Sanitation worker alleges sexual harassment – Newsday

The sole female employee of an Oceanside sanitation district alleged on Tuesday that she was sexually harassed by members of the district’s all-male board of commissioners, and two of her colleagues said they were fired for sticking up for her.

The trio is filing separate complaints to the  state Division of Human Rights and notices of claims against Hempstead Town’s Sanitary District No. 7, an independent municipal agency that collects trash in Oceanside, their attorney, Frederick Brewington, said on Tuesday.

The complaints also name as respondents the district’s board of commissioners and the five individual commissioners, who were elected to the posts.

Board chairman John M. Mannone declined to comment Tuesday.

The woman, Jacqueline Urli, a secretary in the district, said in her complaint that the commissioners created a “hostile, toxic” work environment in which sexual harassment went unchecked.

Urli alleged that Commissioner Matthew S. Horowitz, in particular, displayed “revolting, creepy and disturbing” behavior toward her beginning in August 2018, including unwanted touching, suggesting that they “have a three-way” with another district employee and commenting on her appearance, according to the complaint. 

“It’s not funny,” she said Tuesday. “It’s humiliating and embarrassing.”

Horowitz did not respond to a request for comment.

Urli, who still works for the district, filed a written complaint in November to Daniel Faust, then the district’s general supervisor, who presented the complaint to the board, Faust said Tuesday.

Around nine days later, the board fired Faust and district treasurer Douglas Hernandez at a Dec. 6 public board of commissioners meeting without explanation, Faust and Hernandez said Tuesday.

Both had offered to serve as witnesses to Urli’s allegations, they said.

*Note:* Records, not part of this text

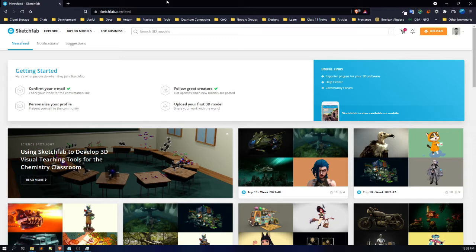If you want some other options, there is also CGTrader and TurboSquid — some free 3D models are available there too. But what I prefer most is Sketchfab, which has a lot of 3D models available for free. I'd suggest whenever you're looking for a 3D model, go to Sketchfab — this is where I get my 3D models.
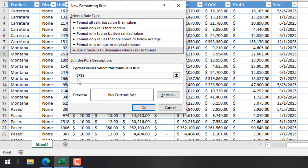Take a look — we have a dollar sign before P and before 9, which means this is an absolute cell reference. That means our conditional formatting will work only on this cell and will not work on any other cell. I'll explain different options a bit later.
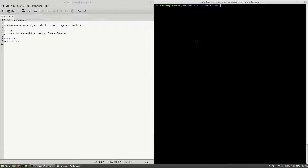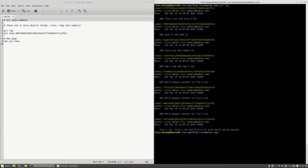In order to understand better how the git show command works, let's see an example. If I type git log, you will see that I'm having a list of commits on my current project.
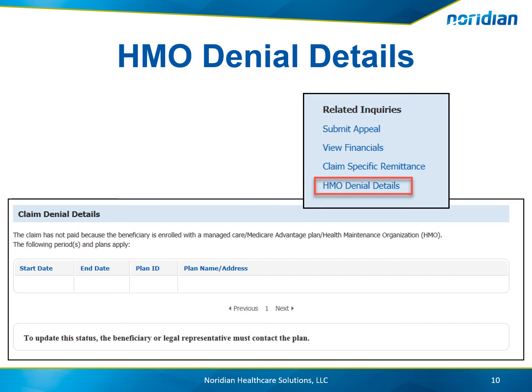For HMO claim denial details, the portal will provide the start date, end date, plan ID, and the plan name and address.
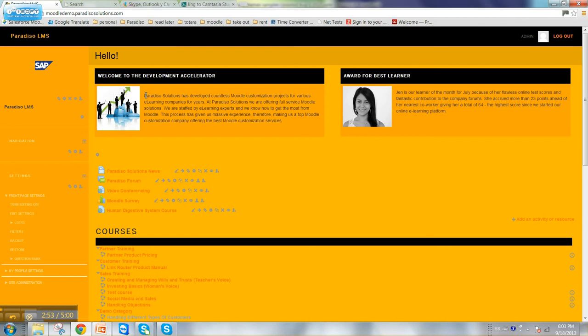Over the last five years we have done hundreds of themes, so sometimes we're able to take the themes we did in the past and modify them to your needs.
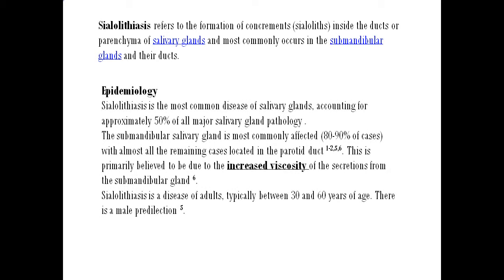Epidemiology. Silolithiasis is the most common disease of the salivary glands, accounting for approximately 50% of all major salivary gland pathology. The submandibular salivary gland is most commonly affected, with almost all remaining cases located in the parotid gland or the parotid duct. This is primarily believed to be due to the increased viscosity of secretions from the submandibular gland. Silolithiasis is a disease of adults, typically between 30 to 60 years of age, and there is a male predilection.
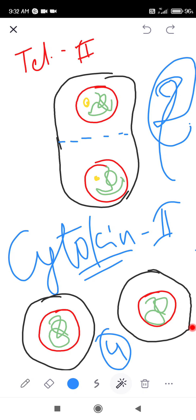Tomorrow I will explain the differences between mitosis and meiosis. So we are done for the day.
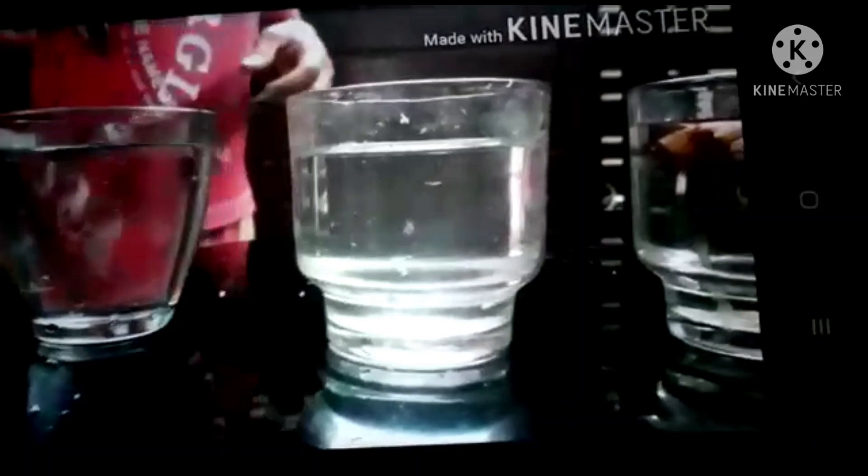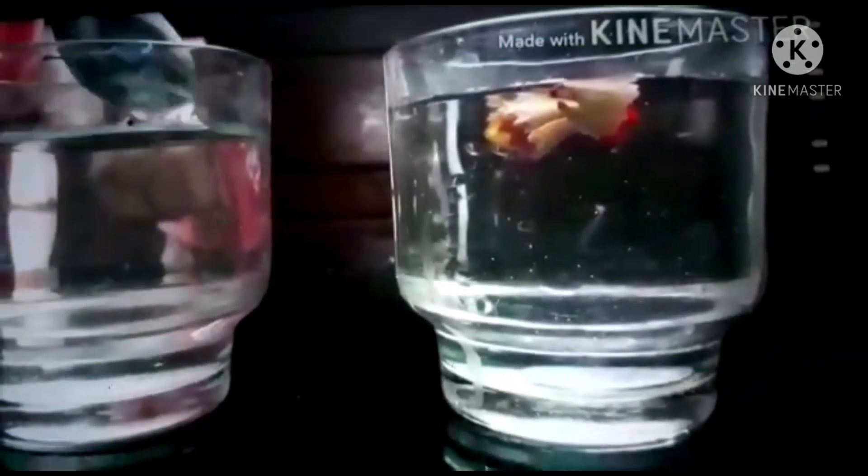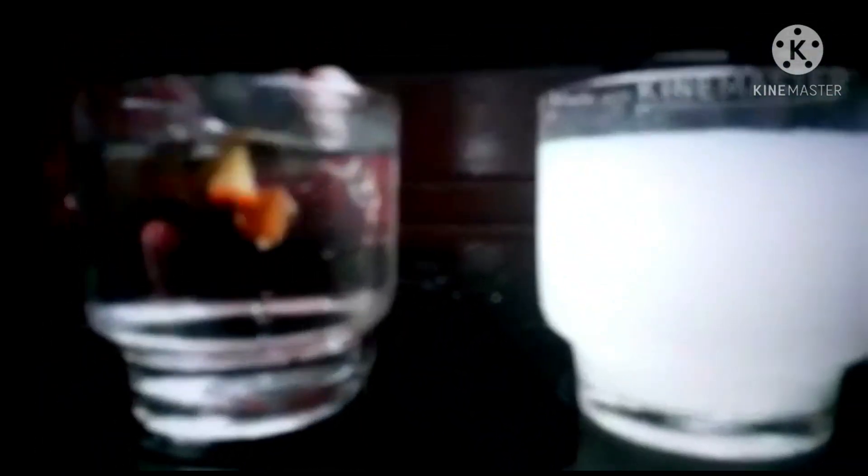We can see that sugar dissolved completely in water. Salt also dissolved completely in water. Pencil waste floats on water. You can see that the coin sinks in water. Milk mixed thoroughly with water.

They each had worked for the district for more than 20 years.

“They did what men should do,” Brewington said of Hernandez and Faust, describing their termination as “an act of pure retaliation.”

Urli said the commissioners also took away some of her duties after she filed her complaint, which she described as retaliatory.

Her complaint accuses the respondents of discrimination, sexual harassment, creating a hostile work environment and retaliatory employment practices under the  state Human Rights Law and the U.S. Civil Rights Act.

Brewington said the trio are seeking unspecified damages, the reinstatement of Hernandez and Faust to their positions and an agreement that the commissioners adopt a sexual harassment policy and take sexual harassment training. 

The district does not currently have any such policy or training procedures, Urli said.